### Data for this exercise

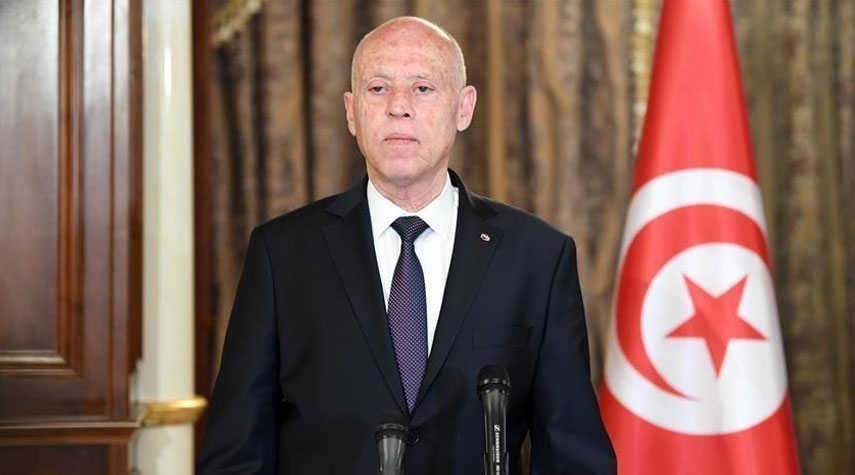 الرئيس التونسي يقرر حل المجلس الأعلى للقضاء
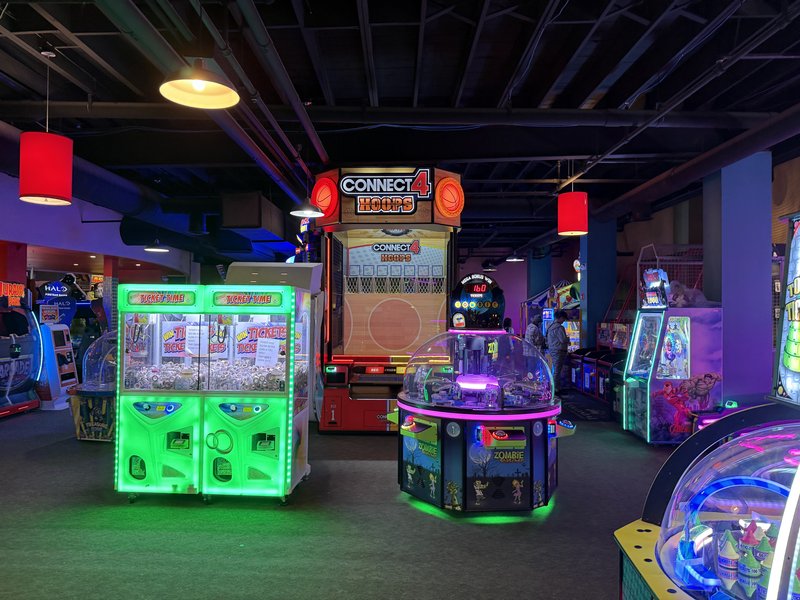 Colonial Bowling and Entertainment photo 3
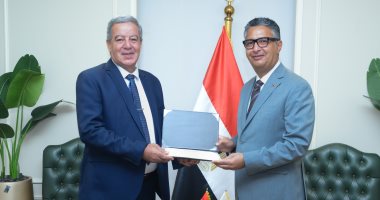 وزير التموين يصدر قرارات وزارية بتعيين قيادات تنفيذية بالمحافظات وزير التموين يكرم قيادات بلغوا سن التقاعد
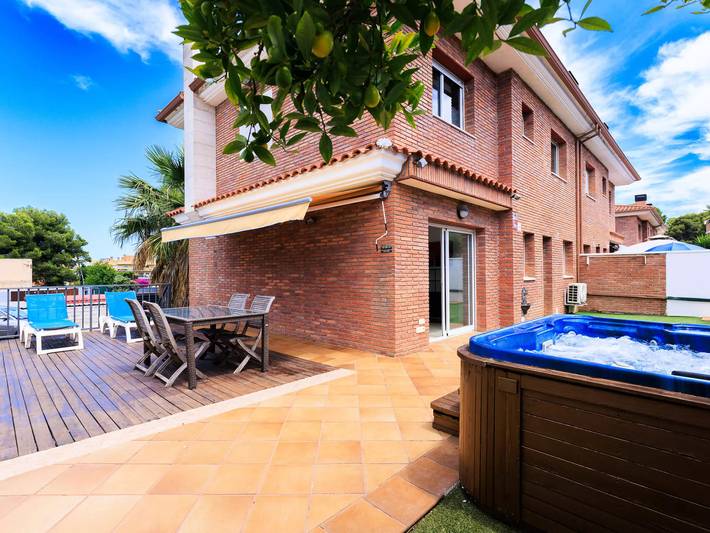 Villa pour 8 personnes, avec piscine à Salou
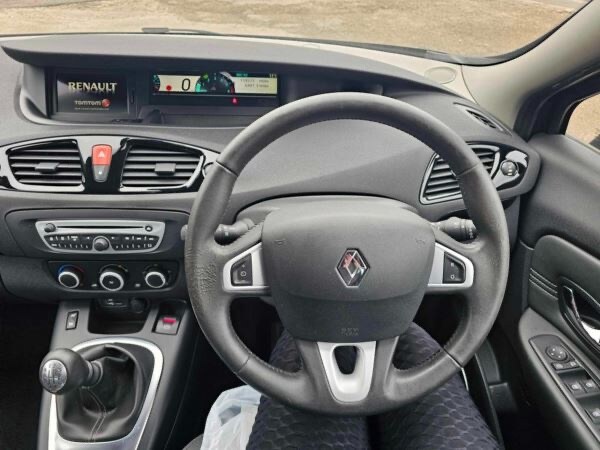 2011 Renault Scenic 1.5 dCi 110 Dynamique TomTom 5dr MPV Diesel Manual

######

[Description of the task] Exactly the lines from the one containing "Colonial Bowling and Entertainment photo 3" through the last line of the data above should be output, both ends included, with every picture left out.

[Response]
 Colonial Bowling and Entertainment photo 3
 وزير التموين يصدر قرارات وزارية بتعيين قيادات تنفيذية بالمحافظات وزير التموين يكرم قيادات بلغوا سن التقاعد
 Villa pour 8 personnes, avec piscine à Salou
 2011 Renault Scenic 1.5 dCi 110 Dynamique TomTom 5dr MPV Diesel Manual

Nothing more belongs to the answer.